Foto: "In Search of Europe?" / Gemuce: Empurra. Aus der Serie Alignment of Values, 2013
Foto: „In Search of Europe?“ / Gemuce:
Empurra. Aus der Serie Alignment of Values, 2013

„Europe is not what you say it is. It is what we say it is“, sagt der schwarze Künstler Nástio Mosquito mit Nachdruck in die Kamera. Als Kunstwerk der Ausstellung vom Berliner Zentrum Moderner Orient „In search of Europe?“, die am 12. Januar zum letzten Mal im im Kunstraum Kreuzberg/ Bethanien zu sehen war, versuchte Mosquitos Arbeit „Re-branding Europe“ Europa neu zu definieren. Auch andere Künstler waren zusammen mit Wissenschaftlern der Frage nachgegangen, inwieweit Europa heute noch ein Maßstab ist, an dem sich Menschen in anderen Teilen der Welt messen. Nach einer Ausstellungsdauer von zwei Monaten und einem umfassenden Rahmenprogramm mit Experten-Debatten, feierten Künstler und Wissenschaftler gestern die Finissage.

 

Neben einem Auftakt mit fast 1 000 Besuchern und einem starken Medienecho zogen vor allem die Weihnachtsfeiertage zahlreiche Kulturinteressierte in das Bethanienhaus, um sich die konzeptuellen, multimedialen Arbeiten anzusehen.

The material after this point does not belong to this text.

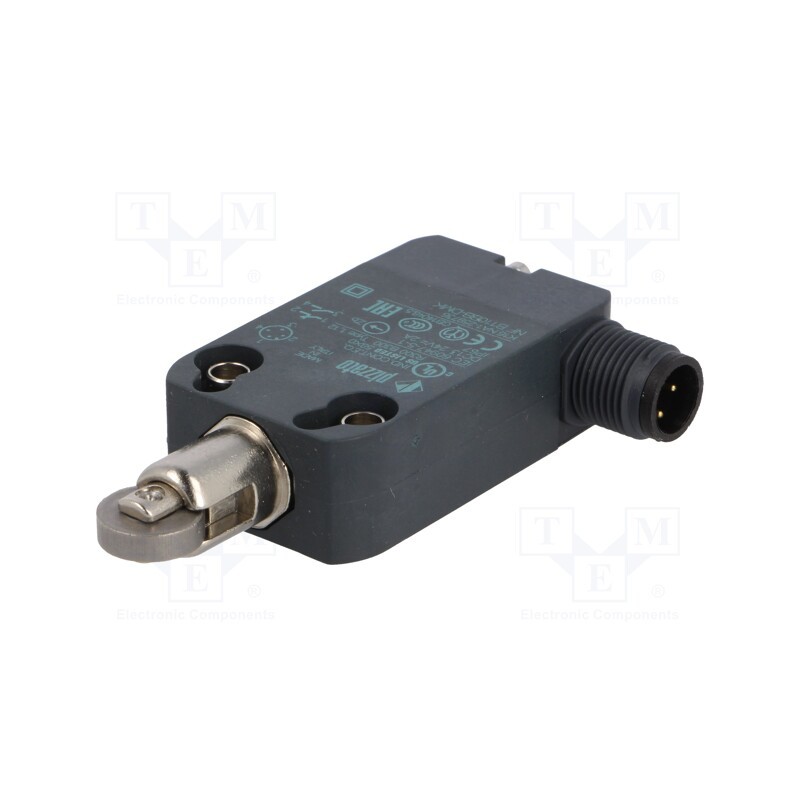 1 pcs x PIZZATO ELETTRICA - NF B110BB-DMK - Limit switch, pusher with parallel roller, NO + NC, IP67, 20mm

„Die Besucher der Finissage eingerechnet, haben ungefähr 7 000 Besucher in den Kunstraum Kreuzberg Bethanien gefunden, um sich „In Search of Euopre?“ anzusehen “, so Kuratorin Daniela Swarowsky.

Die positive Resonanz auf „In Search of Europe?“ lässt sich auch darauf zurückführen, dass die Frage, ob unser Blick auf Europa richtig ist, immer häufiger gestellt wird. Auch einige andere kuratoren zeigten zuletzt Ausstellungen wie Global Prayers mit ähnlichen Fragestellungen.

 

Was „In Search of Europe?“ von ihnen allerdings unterschied, war die reflektierte und interaktive Problematisierung der eigenen Vorgehensweise. So wurde das politische Europa in allen Arbeiten mit einer neuen Selbstverständlichkeit als ein fragwürdiges Konzept dargestellt, das nicht klar zu definieren ist. Dabei nahm es in jeder einzelnen Arbeit ein neues Format an. Unter anderem wurde es auch als ein blinder Fleck dargestellt.

 

Der mosambikanische Künstler Gemuce wählte bei der Darstellung zweier sich begegnender Welten beispielsweise die Mauer als zentrales Motiv seiner 15-teiligen Ölgemäldeserie mit dem Titel „Alignment of Values“. Da sich die künstlerische Arbeit Gemuces wesentlich auf die zwischenmenschliche Begegnung konzentrierte, erweiterte er sein Konzept und stellte die Serie während der Eröffnungstage unter aktivem Einbezug der Besucher fertig. Auch in den anderen sieben Auftragsarbeiten zeichnete die Ausstellung das Bild einer Welt, die nicht einfach zweigeteilt, sondern von gegenseitigen Verflechtungen, Blicken und Beziehungen geprägt ist.

 

Besonders gelungen ist Swarowsky dabei, dass die Konzeption der Ausstellung selbst mittels Dokumentationstafeln für die Besucher visualisiert wurde. Somit lag der Fokus von In Search of Europe? nicht so sehr auf dem Output, den Arbeiten, sondern dem oft komplizierten Prozess ihrer Entstehung, in dem die Kuratorin und die europäischen Wissenschaftler mit den nicht-europäischen Künstlern verhandeln und Lösungen erarbeiten musste.